**What you will do:**
With the line containing "Pairfum London Luxury" as the start and the line containing "Baroque Style, Eglomise" as the end, transcribe that span of the entries below exactly, including both.

:: Data for processing ::

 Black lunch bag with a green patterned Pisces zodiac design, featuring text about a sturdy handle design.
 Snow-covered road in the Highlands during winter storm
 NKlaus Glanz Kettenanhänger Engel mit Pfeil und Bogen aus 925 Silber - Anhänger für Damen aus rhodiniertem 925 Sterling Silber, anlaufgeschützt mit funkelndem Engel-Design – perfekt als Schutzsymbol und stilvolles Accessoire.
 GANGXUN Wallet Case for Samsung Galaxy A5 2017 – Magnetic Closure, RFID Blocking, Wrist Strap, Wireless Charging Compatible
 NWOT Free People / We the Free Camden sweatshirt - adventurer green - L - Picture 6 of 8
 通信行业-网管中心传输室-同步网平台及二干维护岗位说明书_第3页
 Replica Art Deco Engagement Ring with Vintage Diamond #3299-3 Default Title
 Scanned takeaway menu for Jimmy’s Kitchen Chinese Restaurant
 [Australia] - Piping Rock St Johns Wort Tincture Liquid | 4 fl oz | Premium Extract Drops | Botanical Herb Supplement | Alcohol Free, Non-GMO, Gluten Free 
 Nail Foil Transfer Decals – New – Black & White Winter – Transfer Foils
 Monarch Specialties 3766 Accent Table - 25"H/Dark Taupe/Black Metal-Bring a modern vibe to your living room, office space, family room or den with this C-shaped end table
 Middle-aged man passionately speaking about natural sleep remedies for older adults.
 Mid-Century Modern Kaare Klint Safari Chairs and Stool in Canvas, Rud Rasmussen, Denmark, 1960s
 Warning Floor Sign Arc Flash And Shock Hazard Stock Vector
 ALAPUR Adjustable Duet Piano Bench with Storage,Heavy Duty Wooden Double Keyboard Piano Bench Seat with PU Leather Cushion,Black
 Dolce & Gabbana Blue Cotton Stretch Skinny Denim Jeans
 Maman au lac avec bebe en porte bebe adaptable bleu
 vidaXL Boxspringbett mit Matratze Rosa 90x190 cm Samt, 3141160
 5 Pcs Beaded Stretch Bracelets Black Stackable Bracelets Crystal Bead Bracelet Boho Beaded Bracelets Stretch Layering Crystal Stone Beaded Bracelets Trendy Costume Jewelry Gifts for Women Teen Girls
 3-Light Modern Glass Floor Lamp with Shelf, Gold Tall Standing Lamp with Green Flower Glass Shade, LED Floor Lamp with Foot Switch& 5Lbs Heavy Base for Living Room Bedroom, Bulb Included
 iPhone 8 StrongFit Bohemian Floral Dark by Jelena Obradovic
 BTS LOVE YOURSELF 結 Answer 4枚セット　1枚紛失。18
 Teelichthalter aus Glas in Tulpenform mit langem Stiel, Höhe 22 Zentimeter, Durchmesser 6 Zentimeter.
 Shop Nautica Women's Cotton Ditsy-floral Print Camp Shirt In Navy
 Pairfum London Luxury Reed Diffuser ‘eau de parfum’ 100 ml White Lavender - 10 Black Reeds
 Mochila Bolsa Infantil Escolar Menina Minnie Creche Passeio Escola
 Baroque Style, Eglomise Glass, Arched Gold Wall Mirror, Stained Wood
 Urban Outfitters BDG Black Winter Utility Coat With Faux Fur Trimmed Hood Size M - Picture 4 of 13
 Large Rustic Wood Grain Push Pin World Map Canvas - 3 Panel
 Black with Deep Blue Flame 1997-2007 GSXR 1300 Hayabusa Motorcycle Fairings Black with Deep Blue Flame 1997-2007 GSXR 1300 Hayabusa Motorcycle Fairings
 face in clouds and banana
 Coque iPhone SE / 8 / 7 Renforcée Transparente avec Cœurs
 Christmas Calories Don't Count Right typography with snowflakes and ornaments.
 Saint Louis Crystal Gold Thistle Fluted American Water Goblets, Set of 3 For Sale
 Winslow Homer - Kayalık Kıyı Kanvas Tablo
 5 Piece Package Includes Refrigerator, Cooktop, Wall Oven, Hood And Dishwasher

:::

**Answer section:**
 Pairfum London Luxury Reed Diffuser ‘eau de parfum’ 100 ml White Lavender - 10 Black Reeds
 Mochila Bolsa Infantil Escolar Menina Minnie Creche Passeio Escola
 Baroque Style, Eglomise Glass, Arched Gold Wall Mirror, Stained Wood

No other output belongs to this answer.